As signature components of the identity system, the design firm has developed a logo inspired by the distinctive stained-glass lettering atop the poster cases outside the Hall. Another key element is a Carnegie Hall monogram, intended to accompany the logo. The graphic device is adapted from embossed lettering on an original beam of Carnegie steel discovered during the 2014 renovation of the building’s upper floors. Both the logo and the monogram are red – a color visually associated with Carnegie Hall for decades.



Drawing further inspiration from the iconic poster cases, “Carnegie Hall Blue” is one of two secondary colors while the second supporting color, “Carnegie Hall Rose,” is inspired by the upholstery of the original seats in the main auditorium. The plan is for a new color to be assigned each season, paired with Carnegie Hall Red, to distinguish each season. Plum will be featured for the 2021-2022 season.


According to Champions Design: “There is a magical feeling you get when you walk onto the red carpet of Stern Auditorium/Perelman Stage and then you hear that very first unamplified note resounding, clear as day, across the room. It’s the universal and totally involuntary stirring of awe and excitement that comes with music and achievement and shared experience. The hope is for the new brand to extend that feeling beyond the red carpet and bring the transformative power of Carnegie Hall to as many people as possible.”

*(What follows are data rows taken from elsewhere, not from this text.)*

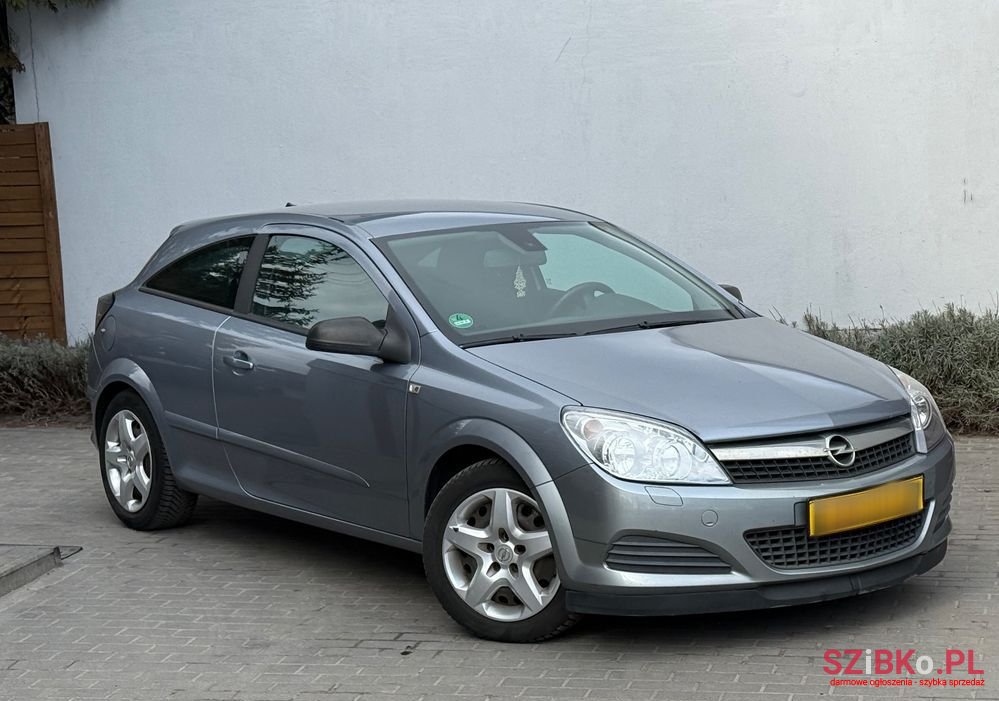 2008' Opel Astra photo #2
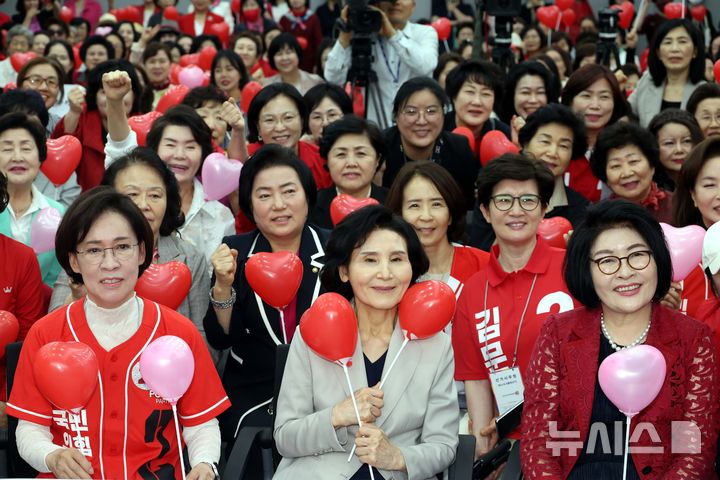 [서울=뉴시스] 조성봉 기자 = 김문수 국민의힘 대선후보의 배우자인 설난영 여사가 21일 오후 서울 여의도 중앙당사 다목적홀에서 열린 여성본부 필승결의대회에서 참석자들과 기념촬영을 하고 있다. 2025.05.21. suncho21@newsis.com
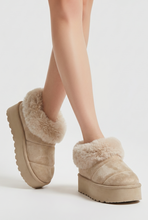 Lade das Bild in den Galerie-Viewer, BOOTS `Comfy &amp; Cozy´, beige
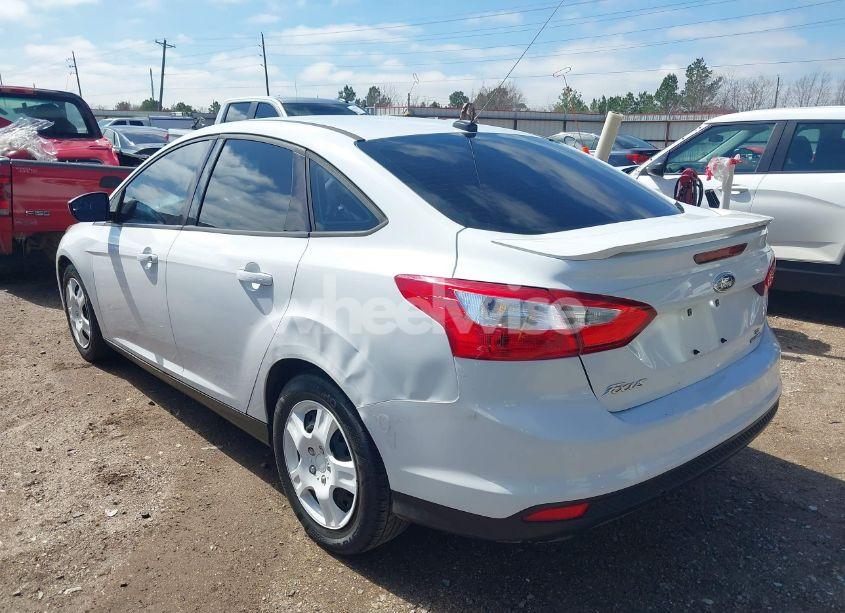 Photo 3 of 2012 Ford Focus SE (VIN 1FAHP3F24CL381854)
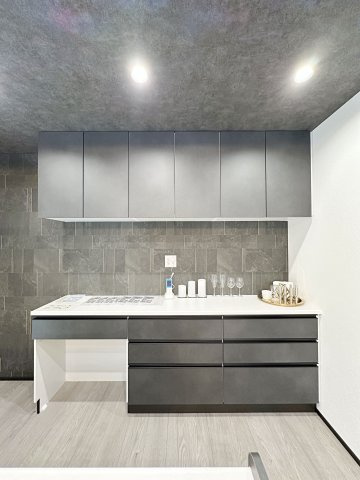 西区大芝2丁目の収納|収納力のある大型カップボード☆
備え付けのため耐震性が高く地震の際にも倒れてくる心配はありません♪
キッチンと同じカラーリングのため統一感もあります！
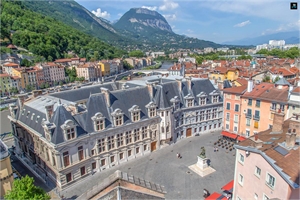 appartement à la vente -   38000  GRENOBLE, surface 128 m2 vente appartement - UBI419016223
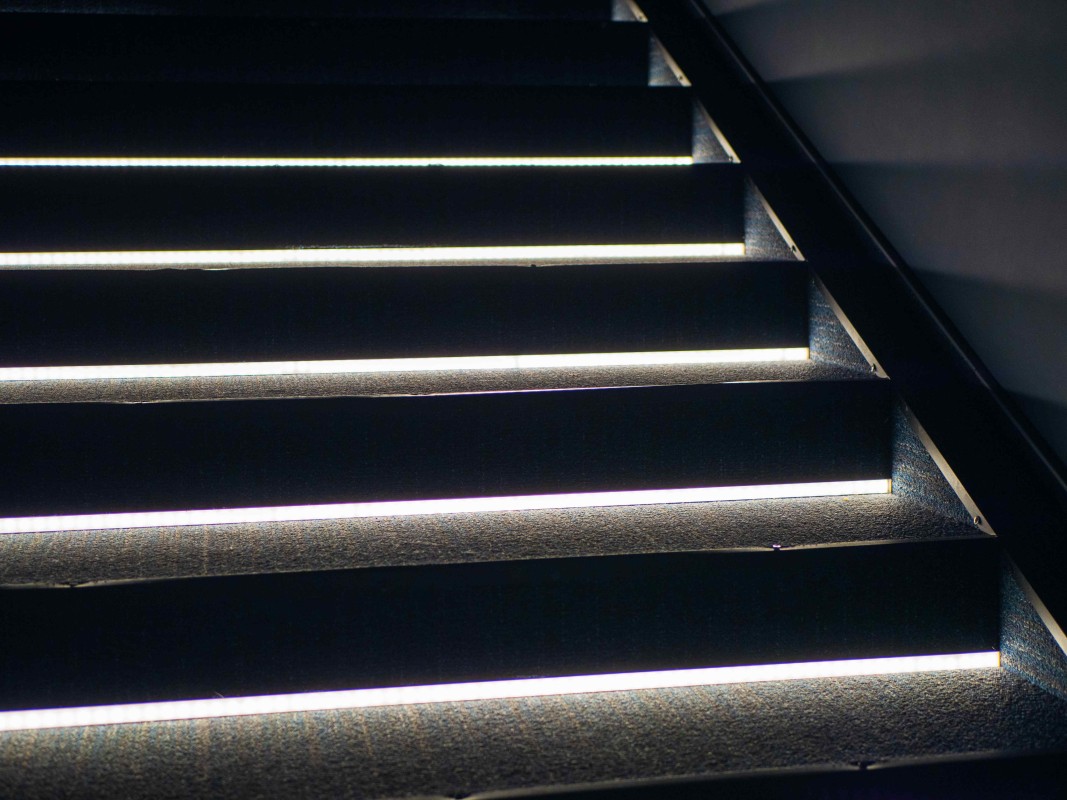 Treppenbeleuchtung LED Streifen: kreative Lichtplanung und -installation-Beleuchtung Case Sharing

Color, typography, and photography treatments have been updated to be more consistent with the in-person experience of engaging with the Hall, and to support its commitment to accessibility across online and print mediums. “Our new system is flexible enough to speak to a range of audiences and adapt to multiple promotional mediums, and distinctive enough to stand the test of time,” said Executive and Artistic Director Clive Gillinson.